● **AVAILABLE DATA**:
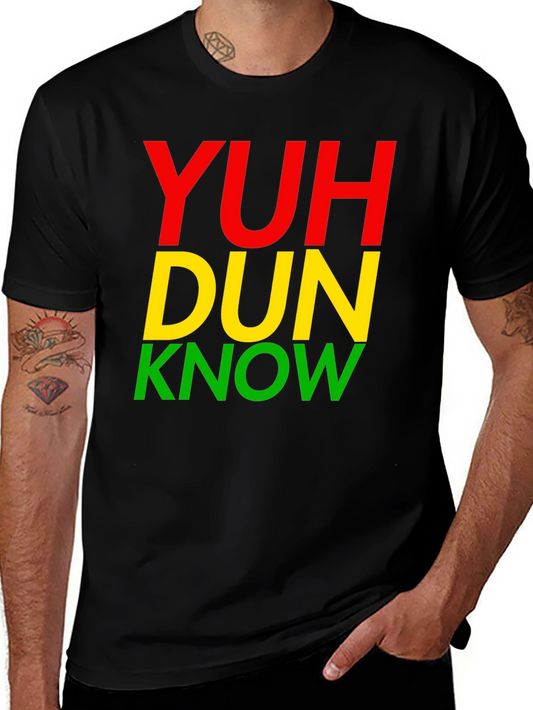 Yuh Dun Know T-Shirt - Rasta Colors Jamaican Pride Tee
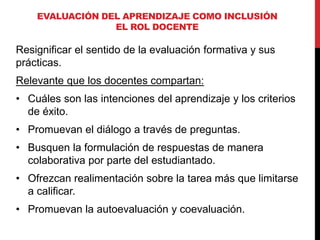 Resignificar el sentido de la evaluación formativa y sus
prácticas.
Relevante que los docentes compartan:
• Cuáles son las intenciones del aprendizaje y los criterios
de éxito.
• Promuevan el diálogo a través de preguntas.
• Busquen la formulación de respuestas de manera
colaborativa por parte del estudiantado.
• Ofrezcan realimentación sobre la tarea más que limitarse
a calificar.
• Promuevan la autoevaluación y coevaluación.
EVALUACIÓN DEL APRENDIZAJE COMO INCLUSIÓN
EL ROL DOCENTE
 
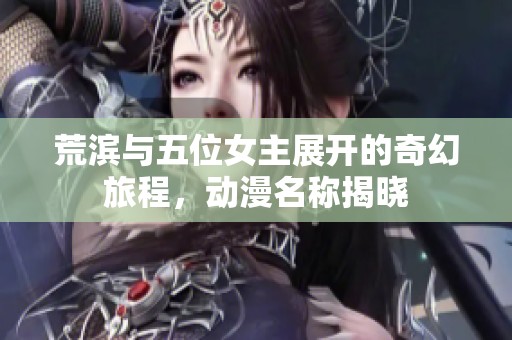 荒滨与五位女主展开的奇幻旅程，动漫名称揭晓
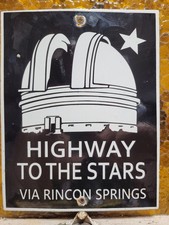 VINTAGE HOLLYWOOD PORCELAIN SIGN OLD HIGHWAY TO THE STARS RINCON SAN DIEGO CA picture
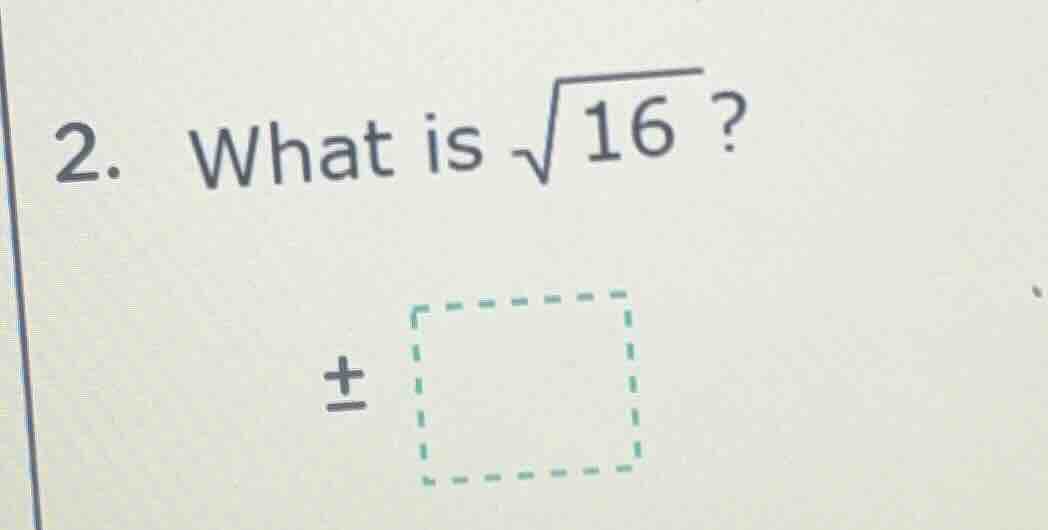 2. what is $sqrt{16}$?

● **EXERCISE OBJECTIVE**: Every record is to be restated word for word, with the pictures left out.

● **REPLY TO THE EXERCISE**:
 Yuh Dun Know T-Shirt - Rasta Colors Jamaican Pride Tee
 Resignificar el sentido de la evaluación formativa y sus
prácticas.
Relevante que los docentes compartan:
• Cuáles son las intenciones del aprendizaje y los criterios
de éxito.
• Promuevan el diálogo a través de preguntas.
• Busquen la formulación de respuestas de manera
colaborativa por parte del estudiantado.
• Ofrezcan realimentación sobre la tarea más que limitarse
a calificar.
• Promuevan la autoevaluación y coevaluación.
EVALUACIÓN DEL APRENDIZAJE COMO INCLUSIÓN
EL ROL DOCENTE
 
 荒滨与五位女主展开的奇幻旅程，动漫名称揭晓
 VINTAGE HOLLYWOOD PORCELAIN SIGN OLD HIGHWAY TO THE STARS RINCON SAN DIEGO CA picture
 2. what is $sqrt{16}$?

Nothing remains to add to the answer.